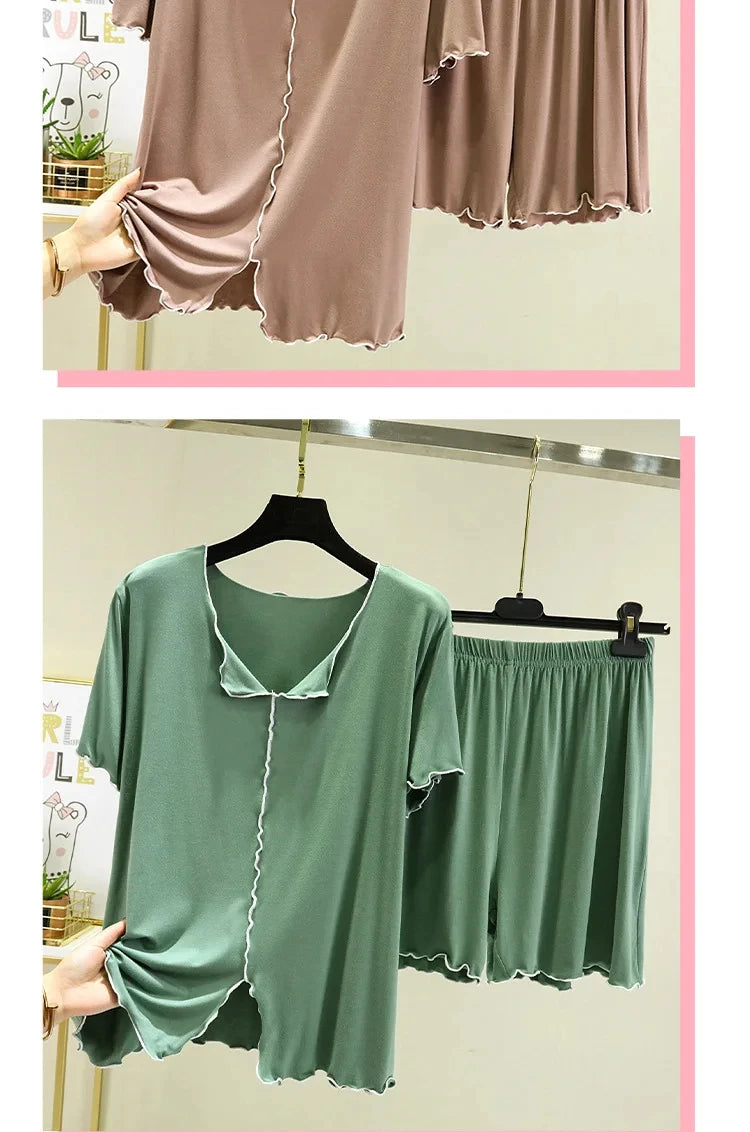 Modal loose short-sleeved shorts home clothes women summer thin style can be worn outside pajamas set versatile casual two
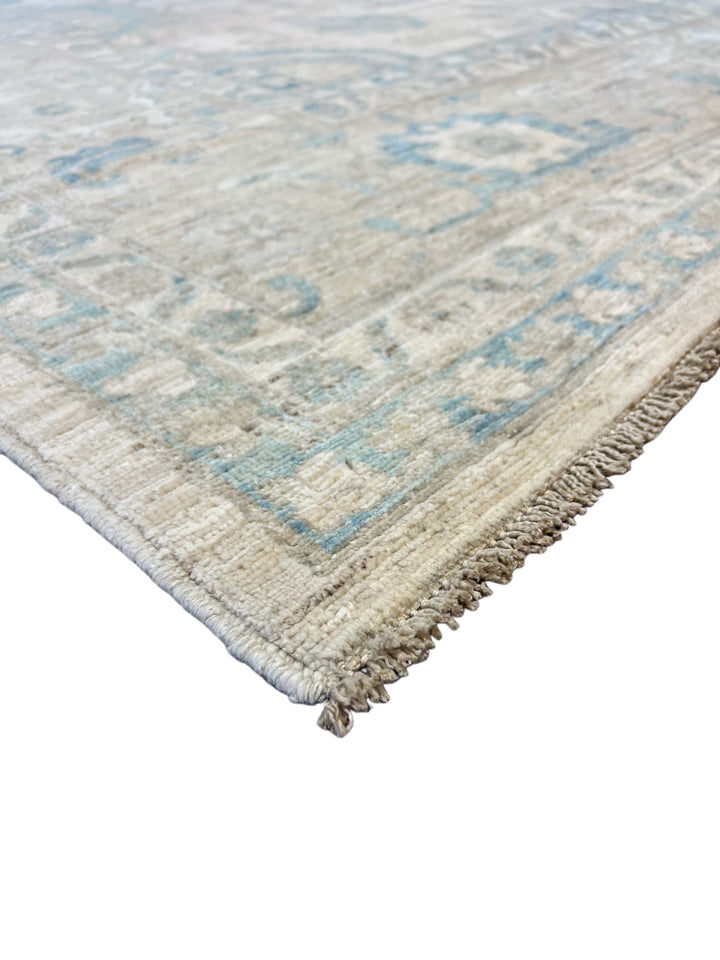 Soft Taupe &amp; Mineral Blue Wool Area Rug - 9&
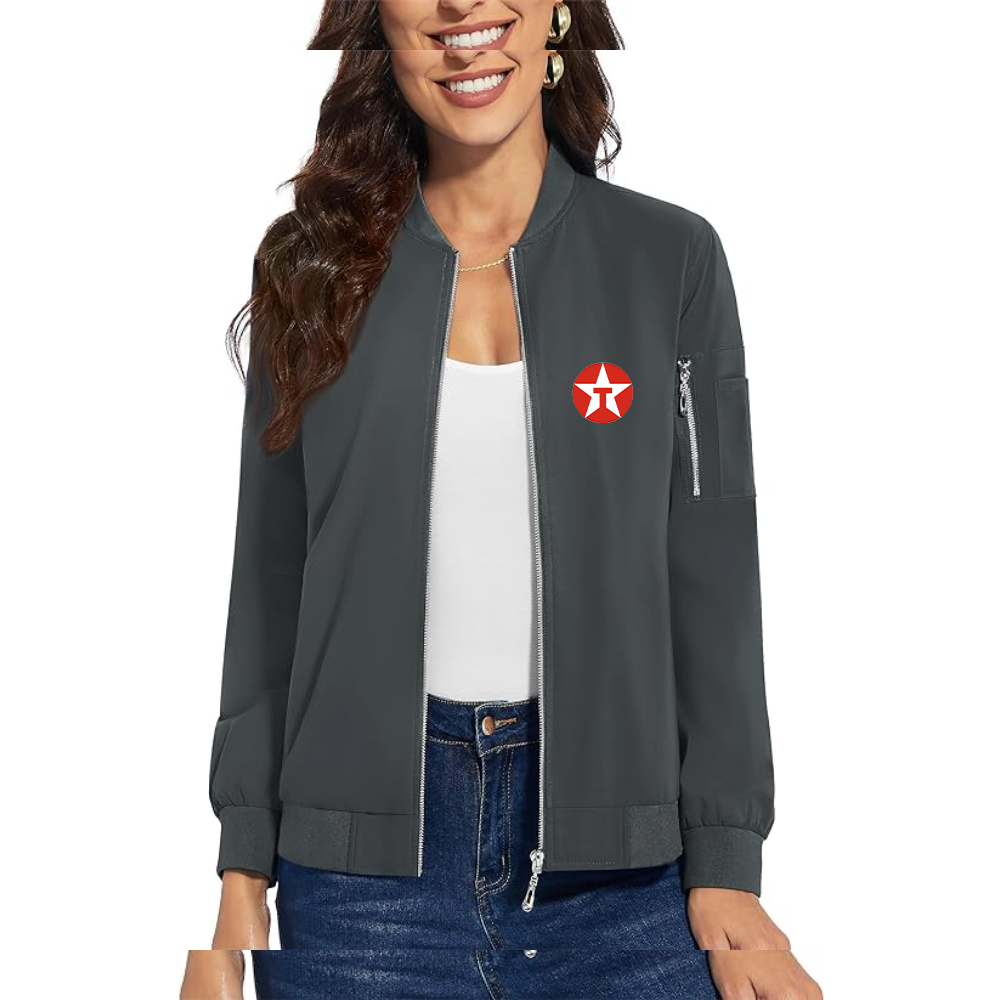 Women's Texaco Logo Premium Bomber Jacket with Polished Detailing and Functional Sleeve Pocket Modern Luxury Outerwear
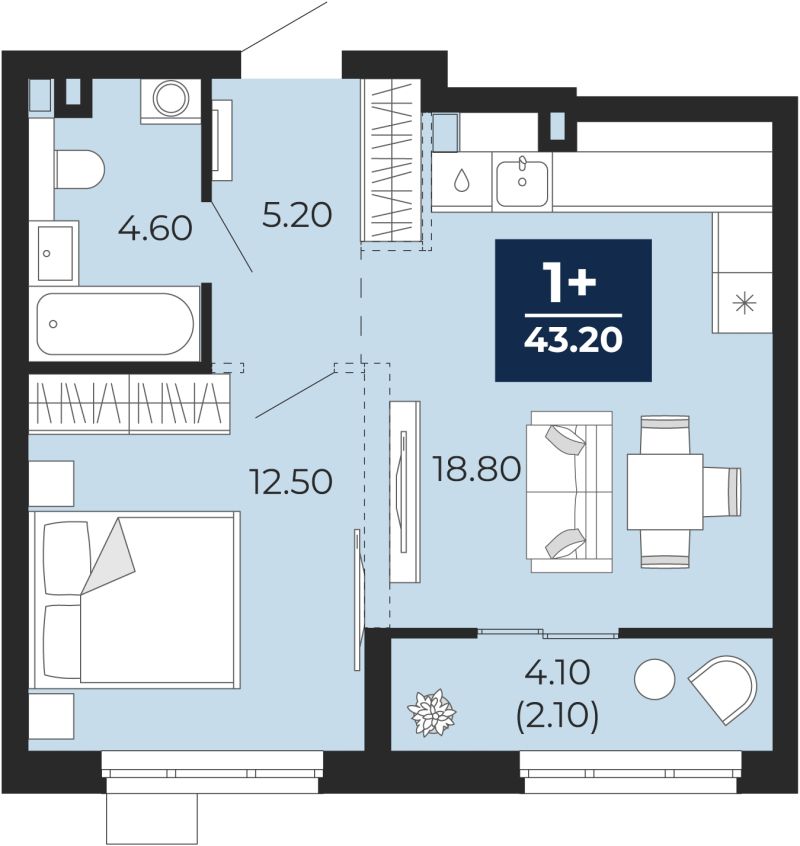 Планировка 1-комн. квартира, 43.2 м² — ЖК «Айвазовский»
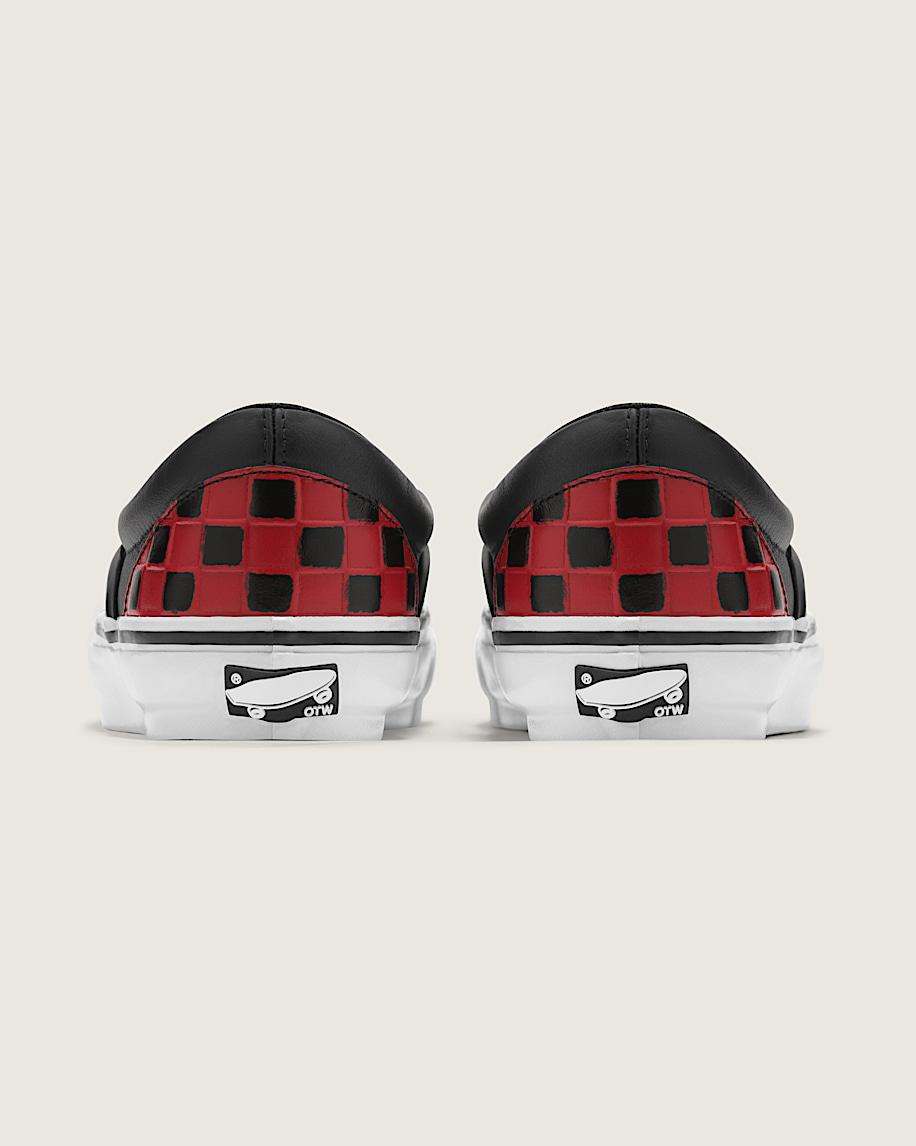 OTW Leather Checkerboard Slip-On 98 Vibram in Racing Red| Vans US Product Image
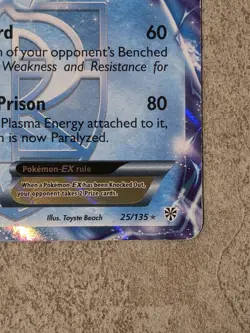 [ LP- ] Articuno EX Team Plasma 25/135 Holo Ultra Rare Pokemon Card - Image 4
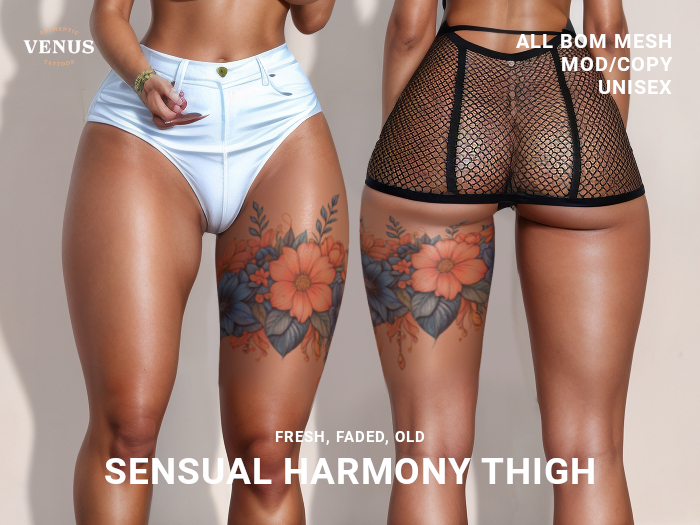 THIGH TATTOOS FLOWERS BEADS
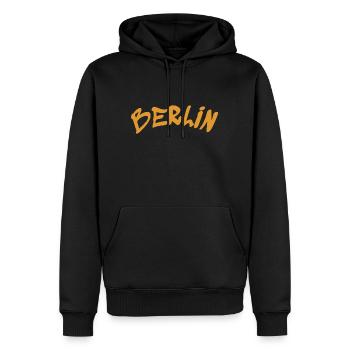 Berlin - Deutschland - Germany - Brandenburger Tor - Männer Premium Bio Hoodie - Schwarz - Vorne - Nico (187cm)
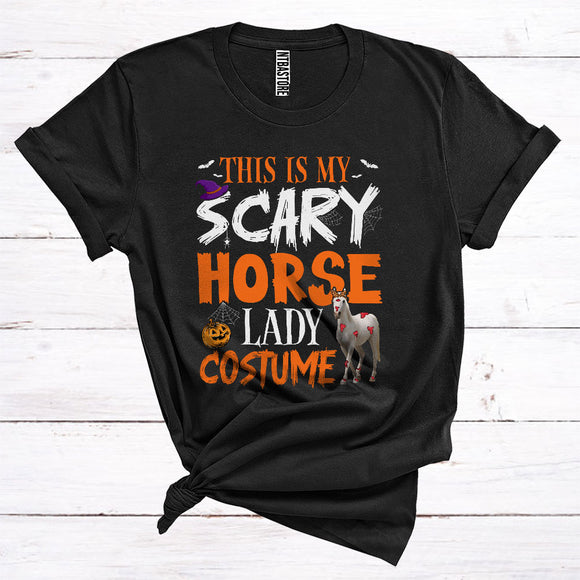 MacnyStore - This Is My Scary Horse Lady Costume Funny Zombie Farm Animal Lover Halloween T-Shirt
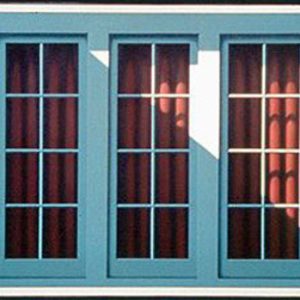 Painting five vertical windows with interior curtains and diagonal cast shadow dividing composition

Exercise objective:
The lines from the one containing "[ LP- ] Articuno" to the end of the material must be output exactly, both ends included; no picture may appear.

Task response:
 [ LP- ] Articuno EX Team Plasma 25/135 Holo Ultra Rare Pokemon Card - Image 4
 THIGH TATTOOS FLOWERS BEADS
 Berlin - Deutschland - Germany - Brandenburger Tor - Männer Premium Bio Hoodie - Schwarz - Vorne - Nico (187cm)
 MacnyStore - This Is My Scary Horse Lady Costume Funny Zombie Farm Animal Lover Halloween T-Shirt
 Painting five vertical windows with interior curtains and diagonal cast shadow dividing composition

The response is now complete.